After the President's defeat in 1888, the Clevelands lived in New York City,
where baby Ruth was born. With his unprecedented re-election, the First Lady
returned to the White House as if she had been gone but a day. Through the
political storms of this term she always kept her place in public favor. People
took keen interest in the birth of Esther at the mansion in 1893, and of Marion
in 1895. When the family left the White House, Mrs. Cleveland had become one of
the most popular women ever to serve as hostess for the nation.

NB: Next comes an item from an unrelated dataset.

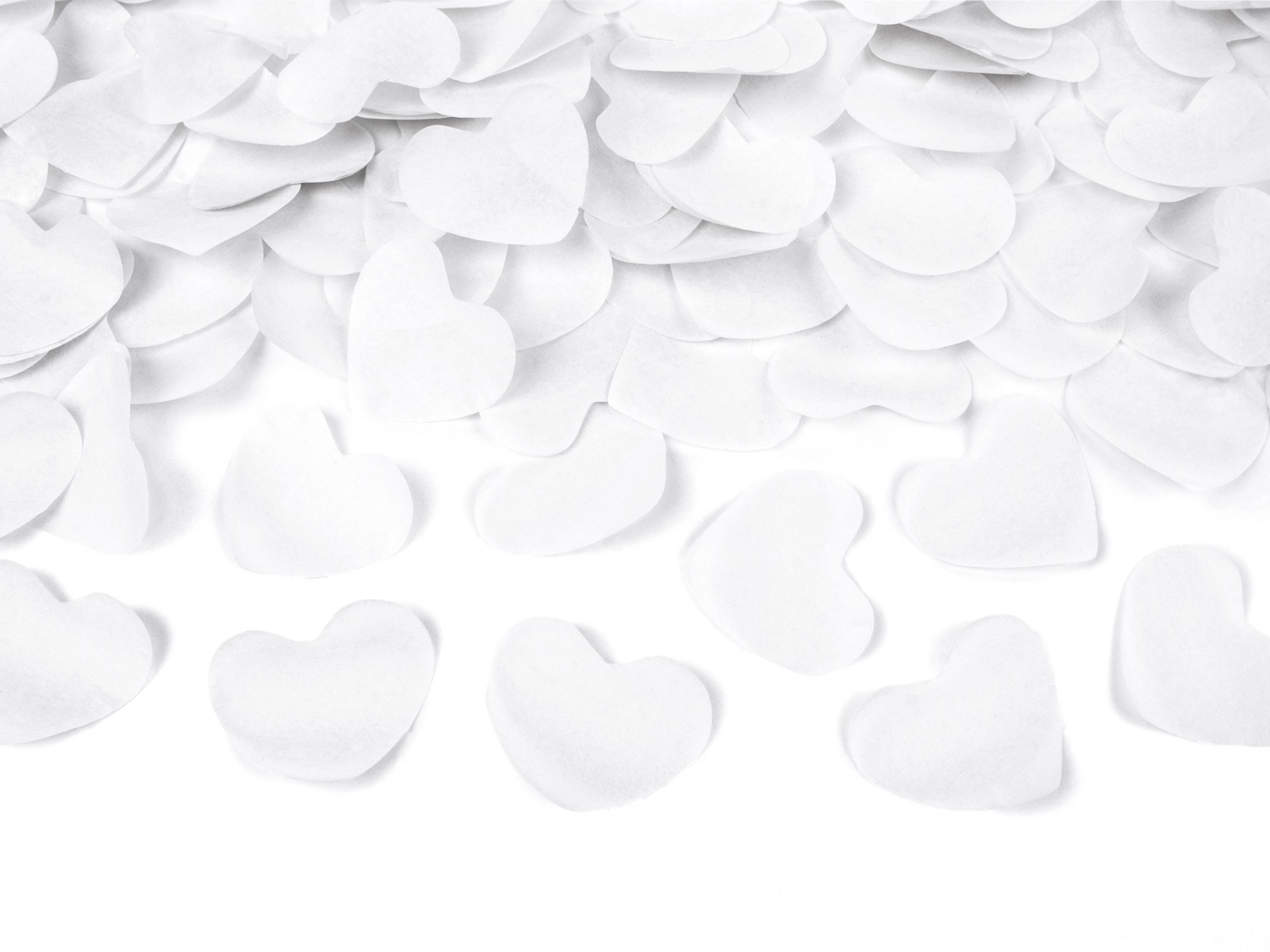 Dekoracje sali weselnej Strzelające konfetti - Białe serca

She bore two sons while the Clevelands lived in Princeton, New Jersey, and was
at her husband's side when he died at their home, "Westland," in 1908. In 1913
she married Thomas J. Preston, Jr., a professor of archeology, and remained a
figure of note in the Princeton community until she died. She had reached her
84th year-nearly the age at which the venerable Mrs. Polk had welcomed her and
her husband on a Presidential visit to the South, and chatted of changes in
White House life from bygone days.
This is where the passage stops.